Film

The Beautiful Game: Meet the real-life footballers who inspired Netflix's Homeless World Cup film

Meet the players of the Homeless World Cup whose stories informed the new Netflix movie

The Beautiful game is on Netflix from 29 March. Image: Alfredo Falvo / Netflix

These are the real-life footballers who inspired The Beautiful Game, the new Netflix drama based on the Homeless World Cup starring award-winning actor Billy Nighy, Micheal Ward and Callum Scott Howells.

Lisa Wrightsman, USA

Lisa Wrightsman’s life story could be quite the motion picture in its own right – so it’s fitting that she features in The Beautiful Game. The American fell into homelessness after her dreams of being a professional footballer didn’t pan out and addictions tore her life apart.

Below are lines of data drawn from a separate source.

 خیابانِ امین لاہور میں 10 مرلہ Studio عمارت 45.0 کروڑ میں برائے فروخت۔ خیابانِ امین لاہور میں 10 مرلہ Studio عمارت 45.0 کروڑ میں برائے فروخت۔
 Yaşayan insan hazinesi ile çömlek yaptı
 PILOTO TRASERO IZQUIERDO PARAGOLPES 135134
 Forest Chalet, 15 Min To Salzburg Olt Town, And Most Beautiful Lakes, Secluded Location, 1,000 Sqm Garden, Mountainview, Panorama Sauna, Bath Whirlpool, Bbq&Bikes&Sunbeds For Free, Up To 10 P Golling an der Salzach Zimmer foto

But the Homeless World Cup offered her a way back in life and she played for the Street Soccer USA team in the event in Brazil in 2010 – an experience she told the Big Issue was “mind-blowing”.

Image: Sacramento Sate / Andrea Price

She went on to coach the USA team at subsequent tournaments and set up women’s coach programmes in her native Sacramento. 

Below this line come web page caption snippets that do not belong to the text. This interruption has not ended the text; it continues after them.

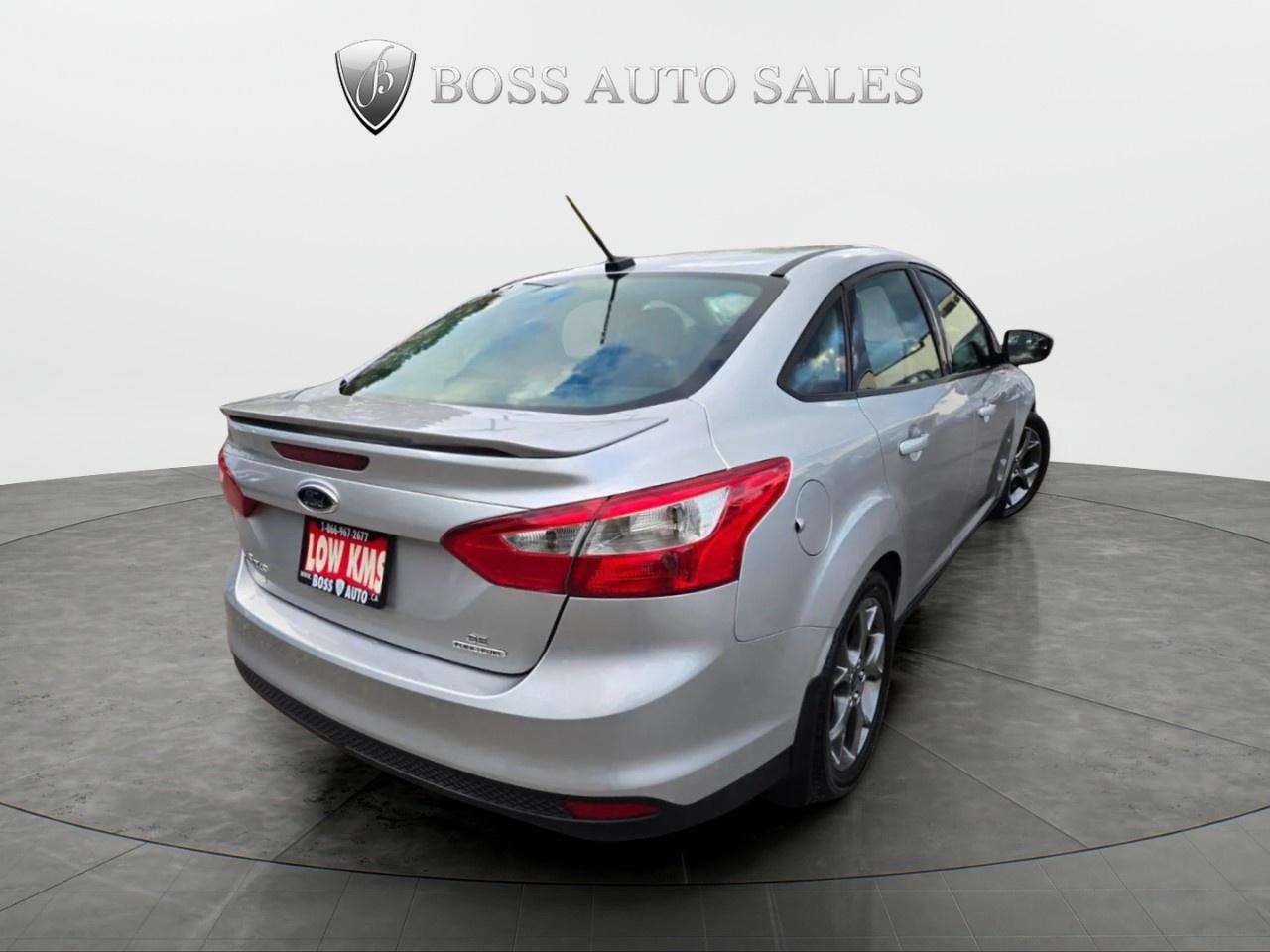 2014 Ford Focus 4DR SDN SE Photo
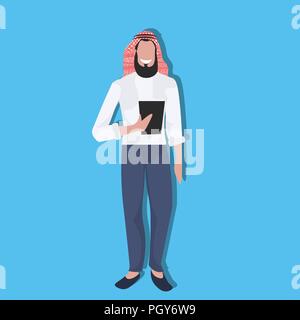 Arabo business man holding tablet indossando abiti tradizionali di comunicazione online di concetto imprenditore arabo maschio personaggio dei cartoni animati avatar flat a piena lunghezza Illustrazione Vettoriale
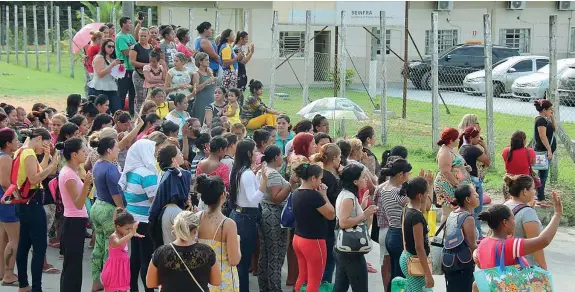  ??  ?? La lunga attesa Familiari di detenuti all’esterno del carcere di Manaus aspettano di avere notizie sulla sorte dei propri parenti. Ancora non si conosce il bilancio definitivo dei morti (Afp)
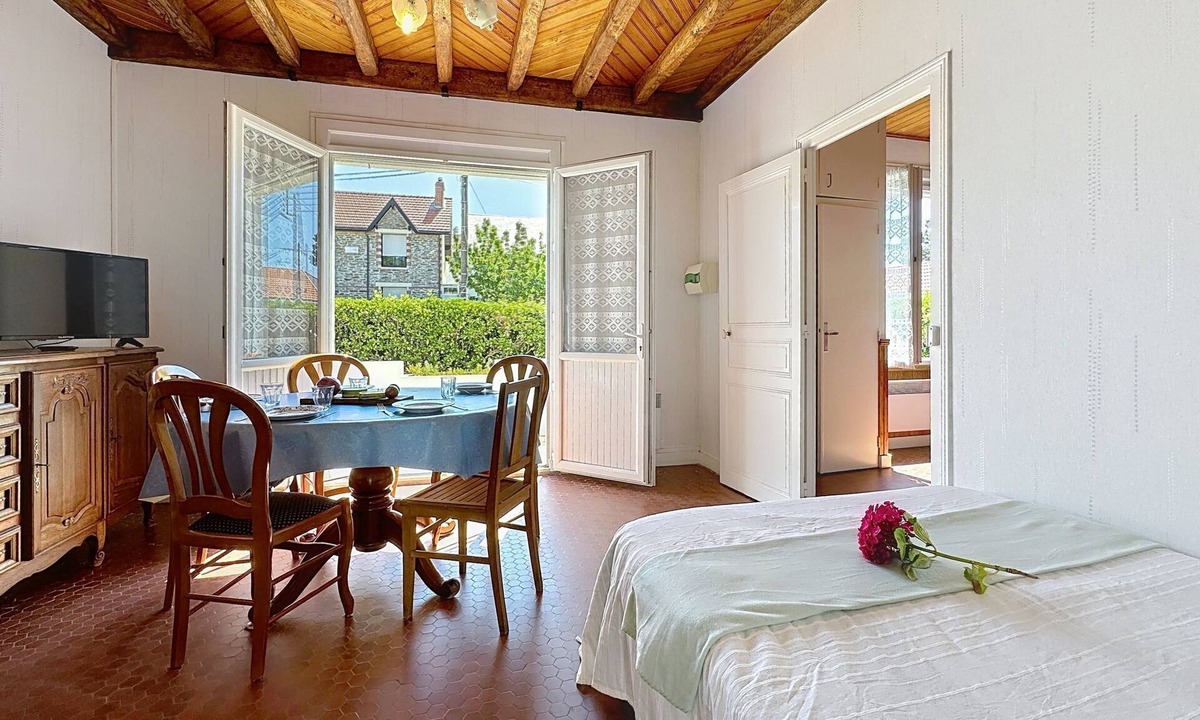 Tharon-Plage House | Brin de Muguet by Interhome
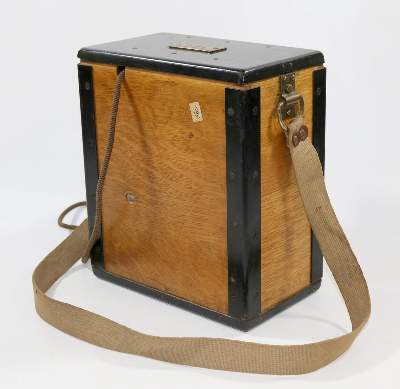 Bild Nr.2: 135-2421 Feldtelefon.: (Varia)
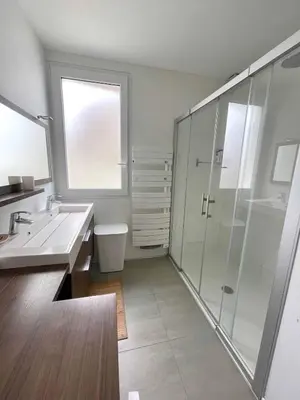 Salle de bains dans l'établissement Villa Cinta, des vacances en bord d'océan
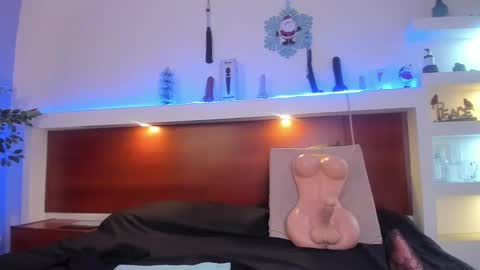 Taylor online show from 12.23.24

But the crowning redemptive moment came last year when Wrightsman welcomed teams all over the world for the Homeless World Cup in her home city – the first time the tournament had been held in the States in its 20-year history. 

“When Mel Young from the Homeless World Cup called to ask if some of us from Street Soccer USA wanted to be part of filming for The Beautiful Game to play the role of the USA Women’s team – we said yes immediately,” Wrightsman told the Big Issue. “When it comes to the Homeless World Cup or Street Soccer USA (SSUSA) it’s usually a yes to anything and we were delighted to be invited out to Rome, Italy.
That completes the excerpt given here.